Alternative Energy - Powering a Brighter Future

GLOBAL ENERGY DEMAND HAS CONTINUED to grow and it is expected to rise by nearly one-third between 2013 and 2040. Power will continue to account for the largest portion of the total, increasing from 43% in 2015 to 47% by 2035, followed by industry at 28% and transportation at 17%¹ (see Exhibit 1).

In order to meet this increasing demand while addressing climate change concerns, the world is continuing to transition to alternative energy sources and improving energy efficiency. Despite the dramatic decline in fossil fuel prices since 2014, dedicated support from governments and strong commitment from private investors led to the largest yearly addition to global renewable power capacity in 2015 — 147 gigawatts — and the lowest-ever prices.²

In December 2015, during the United Nations Climate Change Conference, 195 countries signed the Paris Agreement to reduce emissions of greenhouse gases (GHG). An additional agreement was signed to double the budget for clean energy research and development among 20 countries, including China and India. These agreements brought the global community together to reach the goal of limiting to 2°C the increase in the global average temperature over pre-industrial levels. Furthermore, it marked the first time developing countries signed on to national emission reduction targets (see Exhibit 2).³

Private investors also stepped up their commitments to alternative energy during 2015. Large banks as well as venture capital and private equity firms have boosted their activities in the renewable sector, pursuing investment vehicles like green bonds⁴ amid further adoption of impact investing strategies.⁵

Going forward, we expect conventional energy — coal, oil and natural gas — to remain the dominant sources. Coal and gas are mostly used in stationary installations such as power generators and in industry while oil is used primarily in transportation. Despite the rapid growth of alternative energy, the majority of the world's electricity is still generated by coal and natural gas, and gasoline-powered vehicles continue to predominate. There's a significant shift, however, from coal to cheap and abundant gas driven in part by government policies to reduce harmful effects on the environment. In the United States, no additional coal-fired capacity is expected to come on line. European countries are closing down coal-fired plants, with the United Kingdom planning to shut down all its coal-fired plants by 2025.
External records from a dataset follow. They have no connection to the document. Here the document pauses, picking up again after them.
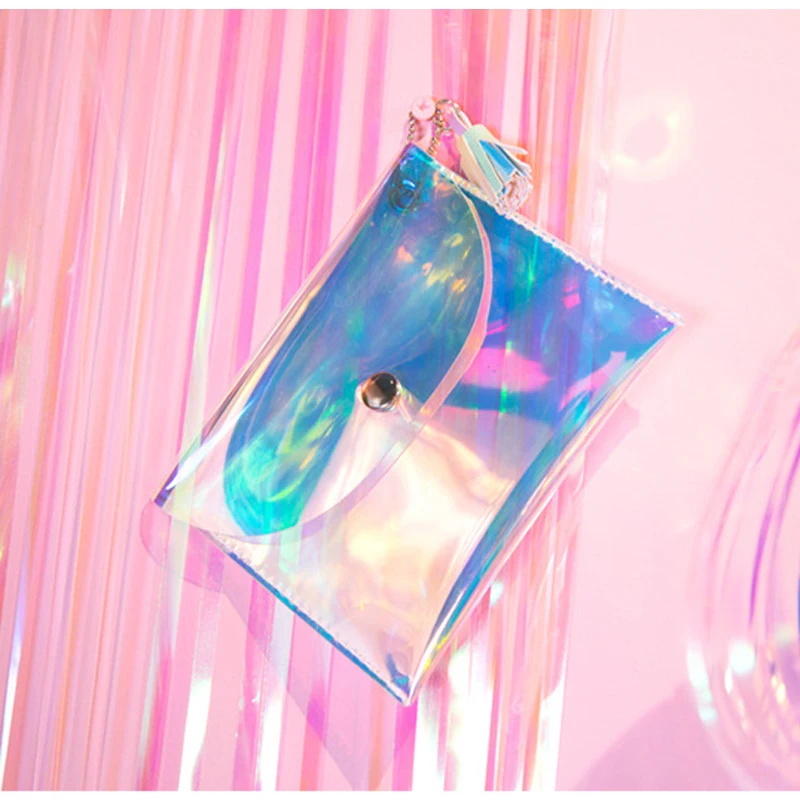 Bentoy Women Laser PVC Coin Purse Transparent Hasp Card Holder Lady Fashion Belt Short Wallet Small Travel Accessory Key Case
Bentoy Women Laser PVC Coin Purse Transparent Hasp Card Holder Lady Fashion Belt Short Wallet Small Travel Accessory Key Case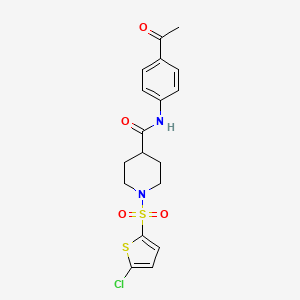 N-(4-acetylphenyl)-1-((5-chlorothiophen-2-yl)sulfonyl)piperidine-4-carboxamide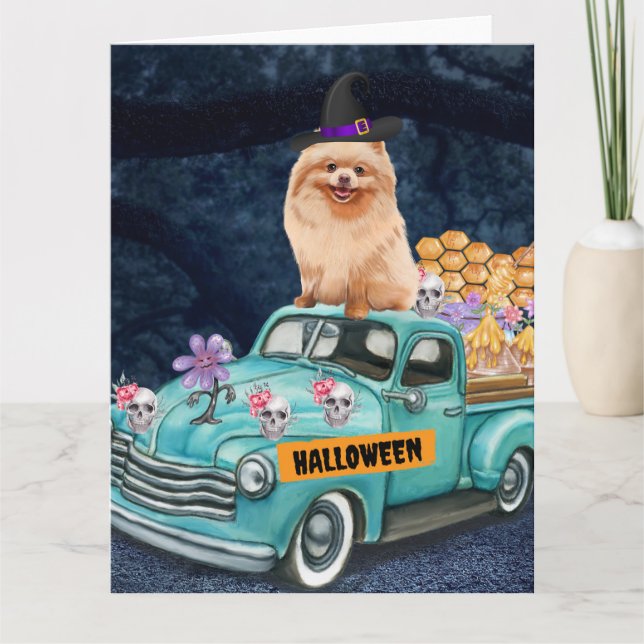 Tarjeta Camión de Halloween de perro de Pomerania (Anverso)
We believe alternatives will continue to grow in importance, and we see the transition to a low-carbon environment and a balanced energy mix as irreversible. Along the way, alternatives will continue to overcome challenges, such as higher relative costs and the technical challenge of storage.

Alternative energy: Call for action
Environmental pollution is a critical public health issue for many countries. For example, in China the average number of haze days per year rose more than three-fold in the past 15 years.⁶ Governments are establishing new policies to try to ensure that economic growth will not override environmental protection, while corporations and investors are more committed than ever to act on climate change. In 2015, companies unveiled more than 8,000 initiatives to reduce GHG emissions globally.⁷ Even some conventional energy companies, such as BP and Shell, have pledged to play a bigger role in alternative energy production and to help control rising temperatures.
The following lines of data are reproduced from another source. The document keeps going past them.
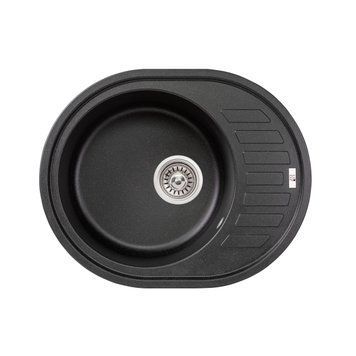 Овальна гранітна мийка з сушкоюLidz 610x495 BLM-14 (чорна матова)
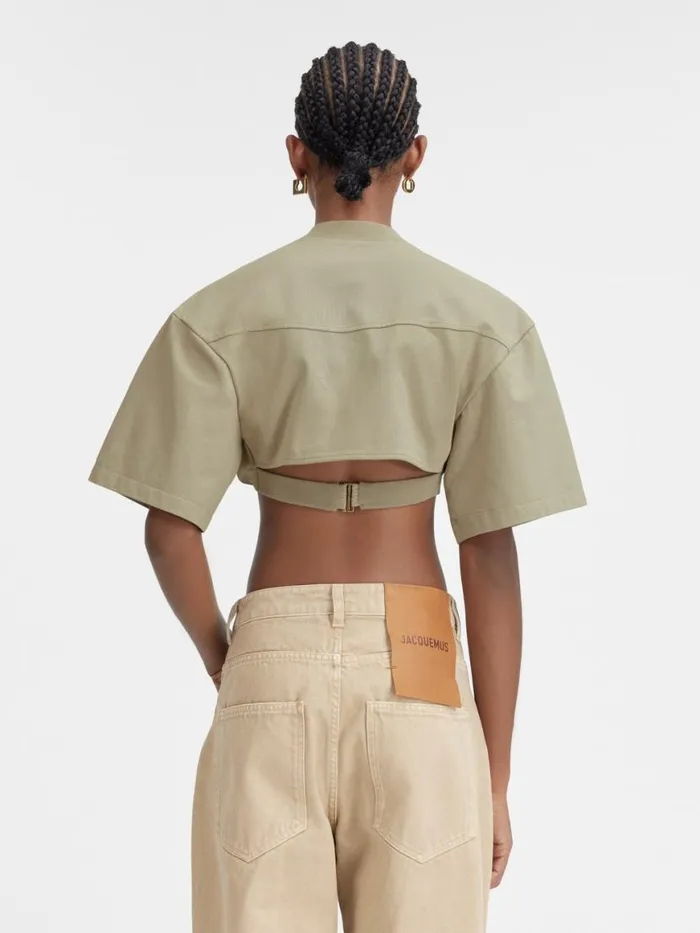 The Bahia Cropped Tshirt Light Khaki Women JACQUEMUS Tops and Shirts The Bahia Cropped Tshirt Light Khaki Women JACQUEMUS Tops and Shirts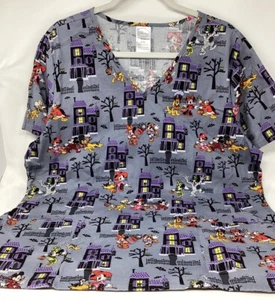 Disney Women Scrub Top Large Gray Halloween Mickey & Friends Short Sleeve - Picture 1 of 4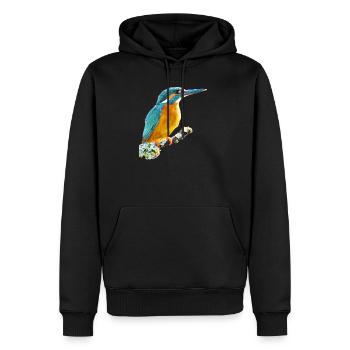 Eisvogel - Männer Premium Bio Hoodie - Schwarz - Vorne - Nico (187cm)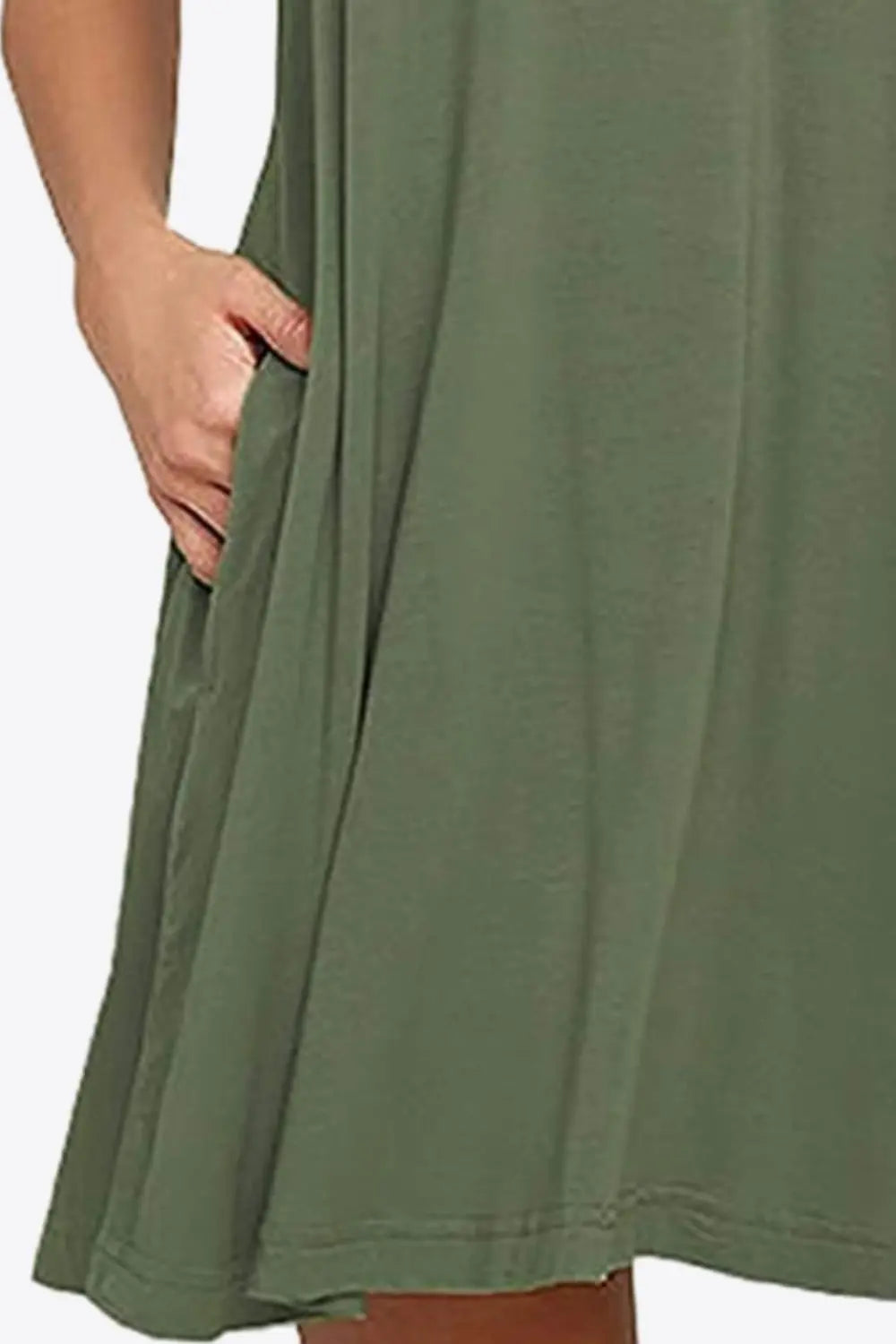 Full Size Round Neck Sleeveless Dress with Pockets 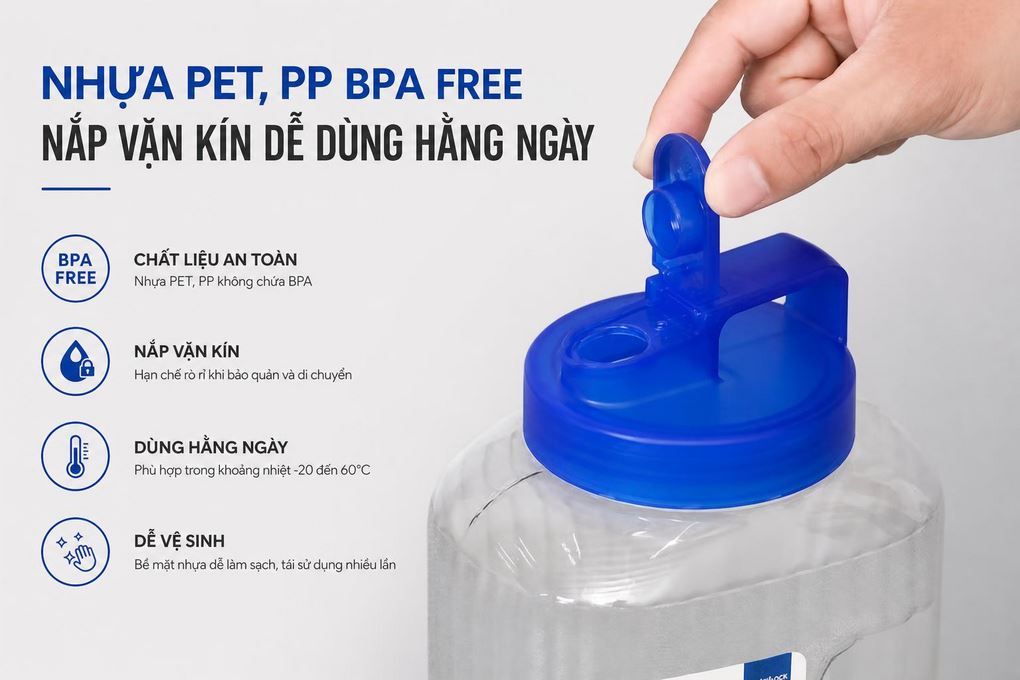 Bình đựng nước nhựa 2600 ml Lock&Lock HAP739B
Some institutional and individual investors have committed to divesting from fossil fuels. Millennials, the largest demographic cohort in the United States, could play a critical role in curtailing the progression of climate change given their penchant for investing to make the world a better place.

In the past, economic expansion and levels of energy-related carbon dioxide have always been positively correlated. However, in 2014, for the first time, energy-related CO2 emissions stalled despite the global economy's expansion by 3%.⁸ This is a sign of commitment to deep cuts in GHG emissions and proof that a growing global economy does not rely on greater consumption of conventional energy.

BofA Merrill Lynch Global Research expects alternative sources to account for about 60% of total energy generation capacity by 2030 (see Exhibit 3). In 2014, renewables accounted for 50% of new power-generating capacity. In fact, including 2010, we have seen six consecutive years where alternatives have outpaced fossil fuels in net investment in additions to generating capacity.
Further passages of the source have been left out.